At first glance, the paintings seem innocuous enough, having secured Noland a position in the canon of abstract art, but there is something much deeper, and ultimately more human, going on than in the work of many of his peers. Art historical comparisons abound: the horizontal canvases of stripes suggest Bridget Riley or Gerhard Richter; the criss-crosses bisecting planes of colour call to mind Piet Mondrian; the uninterrupted fields of saturated pigment with dashes of lines at the edges might put us in mind of a kind of Mark Rothko gone wrong or a misshapen Barnet Newman. But if art history teaches us anything, it is surely that there are only a few original ideas to go round, especially in abstract painting, where the idea is much less important than the effect. Consequently, we should not get too hung up on what it looks like and instead focus on how it makes us feel, which is where the magic really happens.
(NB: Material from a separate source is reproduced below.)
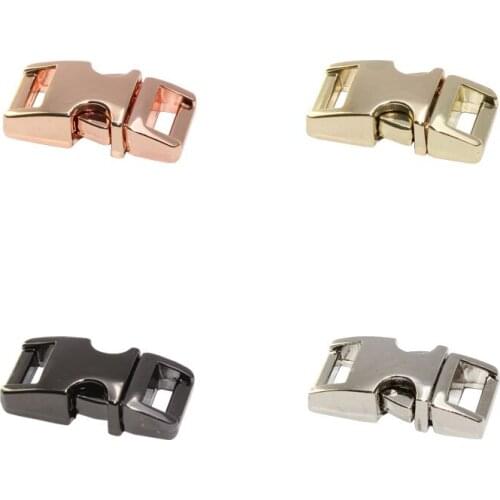 2PCS 3/8" (10mm) Side Release Contoured Curved Metal Buckle for Bag Leather DIY Paracord Bracelet Accessories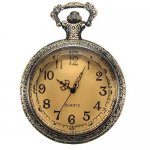 Steampunk Pocket Watch Pendant - Antiqued Brass With Topaz Glass Lid - 58x46mm Steampunk Pocket Watch Pendant - Antiqued Brass With Topaz Glass Lid - 58x46mm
It is all too easy to stand and stare at paintings like Noland’s, searching, surveying, scrutinising as if there is some hidden mystery to uncover, which is why people often find themselves frustrated: there is, simply speaking, not much of anything at all to see. Noland, like Rothko perhaps, was more interested in the emotive qualities of form and colour, couched in the language of geometry. For the most part, the lines are flawless – sharp, crisp, economic expressions of the shortest distance between two points – but occasionally you spot a playful disruption, such as in Untitled (1978), where the black line and the mauve line are unfinished at their lower extremities. Or, in the same painting, where a thick green line fizzles off into a sea-like shore that reveals the canvas underneath. But honestly, this is clutching at straws – there is hardly a brushstroke out of place.
So, you might ask, if there is nothing much to see, what is there? These works are things you absorb more than you look at. They radiate off the canvas and into you, which is where Noland excels. Minted Morning (2003) glows through its muted pastel shades, giving out an enveloping warmth that is surprising considering the superficial lack of brightness. The effect of these Stripe works of the early 2000s is one of tranquillity and contemplation, the lines so comfortingly orderly that they disturb neither thought nor world. In the Plaid works of the 1970s, however, there is a controlled urgency, an assertiveness in the way the lines cross one another perfectly perpendicular, sometimes more or less translucent and sometimes resolute, such as in the elegant Interface (1973). The Shapes from the 1980s are another thing entirely: bold in stature, controlled in form, they feel displaced from some cosmic jigsaw puzzle, where works such as Reappearance (1981) obliterate our long-held sense of the canvas as a quadrangle, demonstrating that form – as pure geometry – is just an arbitrary expression of space.
Noland was a master of reiterating the same few core notions of line, colour and shape in ways that remain fresh, surprising and invigorating. He was not bound by rules, but was committed to the sincere evocation of feeling from a few simple principles, and this exhibition showcases some of his very best efforts.
Kenneth Noland: Stripes/Plaids/Shapes continues at Pace, 5 Hanover Square, London, until 4th March 2023.